Alors que Maha et leurs cinq enfants lui parlaient tous les jours au téléphone, ils sont sans nouvelles depuis le 23 octobre.
"Il avait l'habitude de nous appeler une ou deux fois par jour depuis 10 ans", a-t-elle affirmé. "Il nous poussait à aller de l'avant et à profiter de la vie.
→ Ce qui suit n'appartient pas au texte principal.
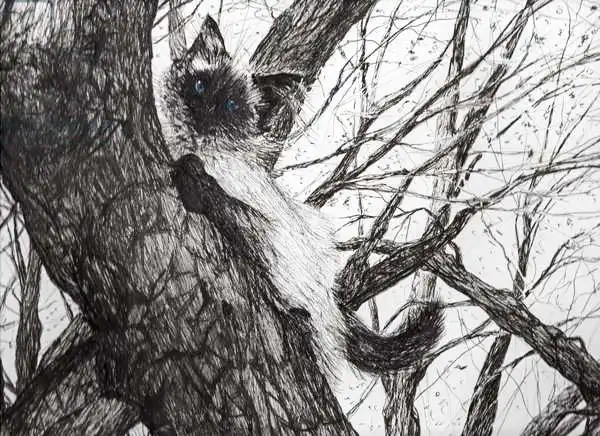 Alexander Booth, Vincen: Up the apple tree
Il n'a pas abandonné ses responsabilités de père et de mari, même en prison."
"Le fait que la communication ait été complètement rompue indique qu'il y a quelque chose de caché", a-t-elle ajouté.
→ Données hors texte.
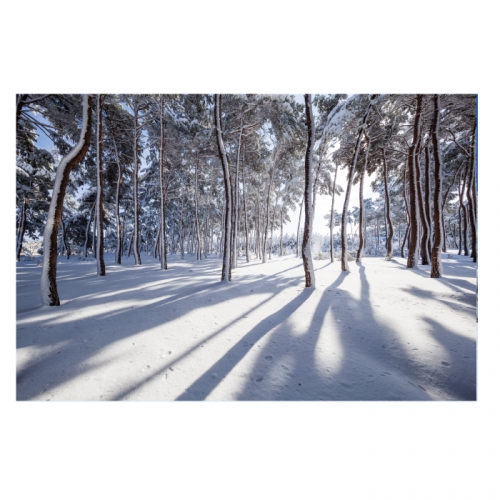 [키즈디자인] 겨울배경현수막 6287 설산 눈길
Mohamed al-Qahtani est détenu à la prison d'Al-Ha'ir, un établissement de haute sécurité près de Ryad.
Selon son épouse, il s'est plaint le 10 octobre d'un codétenu qui le "surveillait partout et tout le temps" et "montait contre lui des prisonniers atteints de troubles mentaux".
Le militant a informé les autorités pénitentiaires de cette situation, sans résultat, selon son épouse. "Quoi qu'il m'arrive, ils sont responsables parce qu'ils sont au courant", avait-il dit à sa femme avant que la ligne ne soit coupée.
Depuis, Maha al-Qahtani a tenté, en vain, d'obtenir des informations sur son mari auprès des autorités saoudiennes.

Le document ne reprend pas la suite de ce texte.